Any member of the bar who currently practices in or near the world of torts involving personal injury probably knows that the academic “flavor of the month” that many practitioners labor over is the extent of the right of reimbursement that a qualified, self-funded ERISA health plan may have on any potential claim. In fact, in the current climate, many practitioners lament that the laborious undertaking of getting to your client’s favorable judgment is only the first step in a case. What follows is a painstaking negotiation process with the various lien holders. And thanks to the United States Supreme Court, the lien with the most severe potential impact on a plaintiff’s recovery is the self-funded ERISA lien.

This is more and more true of any tort claim involving personal injury. But in cases involving permanent and catastrophic damages, the self-funded ERISA lien must be taken very seriously. These liens can easily reach hundreds of thousands of dollars in conditional benefits paid, all of which the plan may have a potential right of reimbursement for. It is now increasingly necessary that counsel involve the plan from day one of the claim through its conclusion.

A. U.S. Airways v. McCutchen

In 2013, the United States Supreme Court set the landscape for these “super liens,” dealing a blow to some of the last available equitable defenses that could be raised in combating the lien’s effect on a recovery where there are inadequate means to satisfy all the damages. The McCutchen court held that certain equitable defenses to reimbursement claims under § 502(a)(3) of ERISA, such as the “common fund” doctrine or principles of unjust enrichment, would be overcome by properly drafted plan language. US Airways, Inc. v. McCutchen, 133 S. Ct. 1537, 1548, 185 L. Ed. 2d 654 (2013).

The consequences of this decision have reshaped the considerations for taking on any tort claim with such a plan involved. Moreover, for those catastrophic cases that will require a significant amount of attorney resources, time and expenses to resolve to judgment, must consider the following implications:

  • The plan does not have to reduce its lien based on work performed by the claimant’s counsel;
  • The plan can recover the full amount of their benefits paid from any party that took custody of the funds once the funds have been recovered;
  • No equitable defenses remain viable to defense of these actions;
  • State anti-subrogation statutes are pre-empted; and
  • State ethical rules and Rules of Professional Conduct might prevent an attorney from disbursing contrary to a plan’s right of reimbursement even when the client so instructs.

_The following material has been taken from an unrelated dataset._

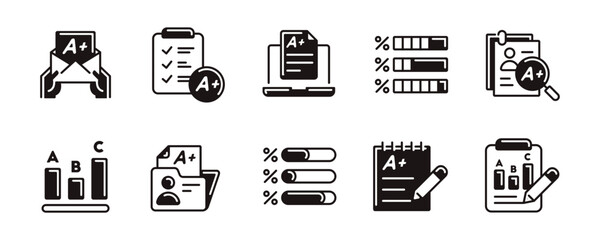 exam grade quiz score result icon set education test evaluation result signs unique style vector illustration for web and app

These factors have even created an entire business around the collection of plan benefits paid from third-party claims. Multiple companies, who practice much like a typical debt collection service, have sprouted from the ground since McCutchen in an effort to collect on these claims. In fact, they have become so cumbersome that many attorneys have resorted to hiring specialty groups to deal with any “lien resolution” after a successful recovery is obtained in the tort claim.

In a catastrophic case where the benefits paid could easily reach $500,000.00 or more, these issues are hardly nominal. This is the case even when liability is not necessarily at issue. But in circumstances where liability is contested, as most cases are, an ERISA lien could mean the difference between bringing the claim or advising the client to walk away, depending on the resources available to collect on any judgment.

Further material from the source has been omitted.